Authors: Richard Ben Cramer
And from that moment, it did not matter that Michael Dukakis had nothing to say about Iowa—in fact, knew nothing of the problems of its farmers ... in fact, had never been sufficiently interested in Iowa to visit in his fifty-three years, save once, as a college student, thirty-three years before, when he hitchhiked through, one blurry night, on his way to somewhere that did interest him, which was Mexico. Didn’t matter: the Des Moines TVs and the
Register
were there, to give the people of this state their first impression. What did he have to say? ... And Lowell Junkins, who had run and lost for Governor in Iowa, got into Michael’s car at the airport (he had to know some farming—didn’t he?), and Junkins was talking diversification: problem was too much corn and cattle and hogs. You know, Junkins said, forty years ago, the second biggest crop in this state was apples, but people lost track of that. ... So by the time he got to his first stop in Iowa, Michael was talking diversification. Sat down in a cattle barn and started telling ranchers about diversification. How about lamb ... or fruit? In Massachusetts, he said,
his
farmers had branched out into berries, lettuce ... Belgian endive. (You know what Belgian endive brings at the Stop & Shop? A fortune!) And it did not matter that these cattlemen had spent their lives raising cattle, and were looking for a way to perpetuate that life. It did not matter that, in Iowa, a Massachusetts-size farm is called the front lawn. Michael had come out to talk to farmers ... so, he talked. And he said to the cameras, after a half-day: “I’ve learned a lot. We’ve had some ... terrific discussions.”

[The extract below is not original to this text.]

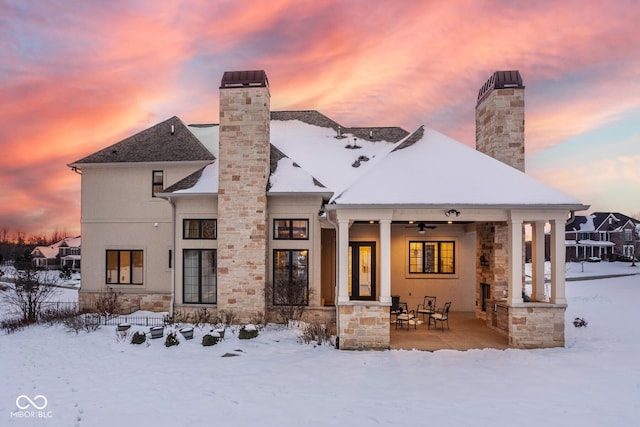 snow covered rear of property featuring ceiling fan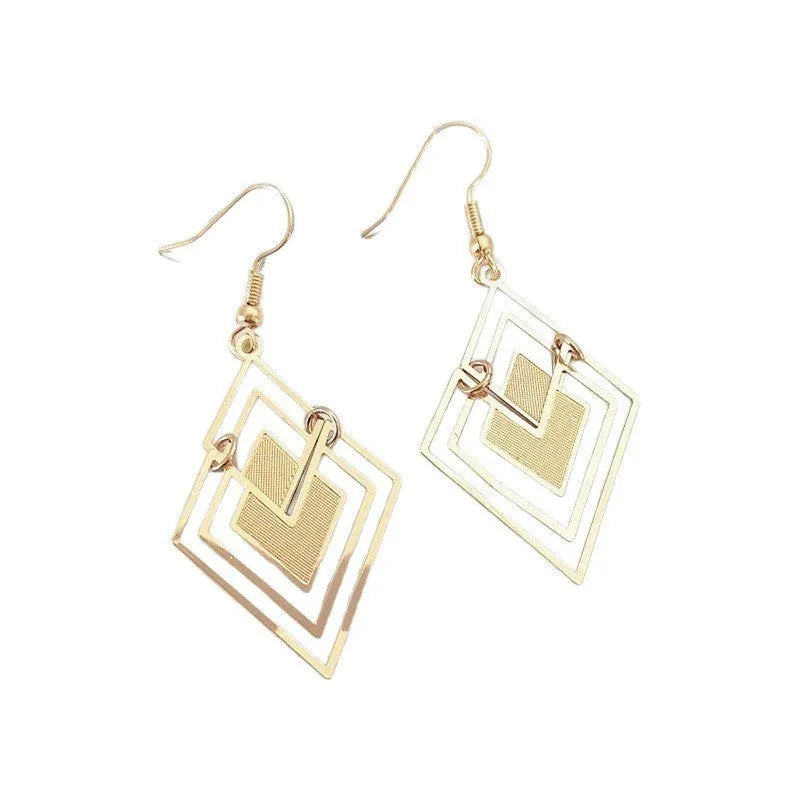 Gold rhombus hollow stud earrings with diamond shape on a light background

But it really didn’t matter: the bubble is its own show. By 5:00
P.M.,
that first day, Michael steamed into downtown Osceola, Iowa, supposed to march Main Street, meeting and greeting (“Hi. Mike Dukakis. Tell me who you are ...”), and right away, the cameramen and sound men were running, six-legged, out of the Greyhound, the rent-a-cars—counting cops, seventeen cars in the motorcade now—and the lenses and mikes were poking over his shoulders, next to his ears, driving him nuts ... but Osceola will never forget. There was a Boston TV lady, Janet Wu, a
Chinese
, cabled to a satellite truck on Main Street, doing her stand-up, live, back to Boston for the six o’clock news. There were
three satellite trucks
parked in Osceola, with their dishes turned aloft to the stratosphere, while the halogens stabbed at the storefronts, and strobes whirled atop the state police cars, and, of course, people came out, stood on the street, staring, and then the diddybops grabbed them and poked tape recorders or notebooks at them: “C’nIgetchurname? ... Spellit ... Y’farmer? ...” And people were asking: “What is it? Who is it? Who?” But that wasn’t important: three high school girls were standing on Main Street in the middle of the trucks, and cables, and cop cars, and press-pack-rent-a-cars parked crazy-quilt over the curbs, and by the time he came, almost trotting, Michael Dukakis, five-foot-eight in his wing tips, almost lost in the press pack, and not too happy about it, either ... it simply did not matter. The halogen fireflies came at the girls, and it was ...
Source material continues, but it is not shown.